In the Mound City, guardians of baseball high culture-the Spink brothers, the McNeary brothers, Gus Solari, and Christopher Von der Ahe-wielded the civic clout and socioeconomic control to push an exclusionary agenda.
-James Brunson, Henry Bridgewater's Black Stockings of St. Louis, 1881-1889
While Brunson goes on to place Bridgewater and the Black Stockings within the context of Reconstruction era St. Louis and the politics inherent to the era, I find his interpretation of the actions of the Spink brothers, McNeary, Solari, and Von der Ahe to be fascinating. Throw in J.B.C. Lucas and some of the members of the Union Club and one can construct an argument that there was a cabal of men attempting to organize and control the St. Louis baseball market.
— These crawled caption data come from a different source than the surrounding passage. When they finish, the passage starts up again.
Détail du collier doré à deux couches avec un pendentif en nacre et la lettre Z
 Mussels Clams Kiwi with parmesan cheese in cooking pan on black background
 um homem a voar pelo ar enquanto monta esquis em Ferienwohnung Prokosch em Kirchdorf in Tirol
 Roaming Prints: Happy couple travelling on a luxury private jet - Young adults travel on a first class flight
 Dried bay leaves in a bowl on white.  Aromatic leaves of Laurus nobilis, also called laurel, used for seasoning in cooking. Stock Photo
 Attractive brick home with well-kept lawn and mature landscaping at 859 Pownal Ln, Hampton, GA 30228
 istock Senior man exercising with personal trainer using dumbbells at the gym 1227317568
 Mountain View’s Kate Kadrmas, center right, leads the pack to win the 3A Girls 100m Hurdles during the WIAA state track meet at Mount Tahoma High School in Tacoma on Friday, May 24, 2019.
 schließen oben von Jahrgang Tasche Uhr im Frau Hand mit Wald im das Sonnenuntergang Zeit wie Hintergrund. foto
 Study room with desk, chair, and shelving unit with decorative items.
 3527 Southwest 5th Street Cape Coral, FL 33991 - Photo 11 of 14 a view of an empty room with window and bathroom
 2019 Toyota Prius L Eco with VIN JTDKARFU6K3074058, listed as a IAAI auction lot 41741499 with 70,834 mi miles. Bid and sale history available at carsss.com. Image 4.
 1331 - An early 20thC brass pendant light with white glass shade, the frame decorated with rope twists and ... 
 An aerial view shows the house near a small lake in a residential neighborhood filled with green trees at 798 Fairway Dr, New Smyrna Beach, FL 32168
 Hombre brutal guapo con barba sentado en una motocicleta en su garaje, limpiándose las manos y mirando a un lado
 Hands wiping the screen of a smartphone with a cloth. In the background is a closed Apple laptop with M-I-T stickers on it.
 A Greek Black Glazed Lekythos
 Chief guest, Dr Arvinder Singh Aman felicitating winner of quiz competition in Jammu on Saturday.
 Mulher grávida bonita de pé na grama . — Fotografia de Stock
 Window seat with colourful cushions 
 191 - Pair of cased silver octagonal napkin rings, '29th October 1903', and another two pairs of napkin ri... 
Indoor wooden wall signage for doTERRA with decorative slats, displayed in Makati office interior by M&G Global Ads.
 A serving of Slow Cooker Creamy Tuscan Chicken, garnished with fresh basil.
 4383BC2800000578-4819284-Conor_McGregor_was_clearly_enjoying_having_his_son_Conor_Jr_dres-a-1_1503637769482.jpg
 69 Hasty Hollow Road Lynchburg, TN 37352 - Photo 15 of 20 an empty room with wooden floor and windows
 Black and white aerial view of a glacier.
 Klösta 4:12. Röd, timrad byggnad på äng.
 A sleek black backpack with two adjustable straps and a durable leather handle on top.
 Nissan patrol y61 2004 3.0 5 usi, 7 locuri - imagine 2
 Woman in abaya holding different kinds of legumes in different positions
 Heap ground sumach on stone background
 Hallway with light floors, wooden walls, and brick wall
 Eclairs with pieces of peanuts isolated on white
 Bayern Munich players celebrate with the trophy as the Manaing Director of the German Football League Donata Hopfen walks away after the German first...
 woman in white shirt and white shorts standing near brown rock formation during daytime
However, the problem with the argument is that these men were actually in competition with each other. While certainly the Spink brothers used their position as editors to promote and publicize the game, this was well within the tradition of "upbuilding" and a common practice of time. But, in the late 1870's, when they were involved in the running of the Interregnum Brown Stockings, they were in direct competition with McNeary's Red Stockings. McNeary originally was a part of the group that organized the NA Brown Stockings but, after the club decided to play its home games at the Grand Avenue Grounds, he placed the Red Stockings in the NA to directly compete against the Brown Stockings. McNeary's Compton Avenue Grounds competed with Solari's Grand Avenue Grounds for clubs, games, and fans and the Reds were in competition against the Grand Avenue Club. Von der Ahe had worked with Solari when they were both board members of the Grand Avenue Club and part of the Sportsman's Park and Club Association but essentially forced him out in the early 1880's.
While these men worked together to promote baseball in St. Louis, they were just as often competitors. There was no cabal. There was no grand strategic plan. The only exclusionary agenda was that of single-minded businessmen who were attempting to make money and establish the professional game in St. Louis. They weren't out to destroy the black clubs or the mercantile clubs or the old amateur clubs but, rather, their goal was to establish something more. These men were instrumental in transitioning St. Louis baseball from the amateur to the professional era and by simply looking at the history of the period-the starts and stops, the failures and successes-one can see that there was no over-arching grand vision being driven by a monopolistic establishment.
As I said, I see some merit to the argument. If one was looking at the situation from the view of someone like Bridgewater, who was not a member of the white St. Louis establishment, then you might see a monopolistic baseball establishment that marginalized Bridgewater's contribution. But in the end, what I see is a group of businessmen fighting each other for control of the baseball market rather than working together to monopolize the market.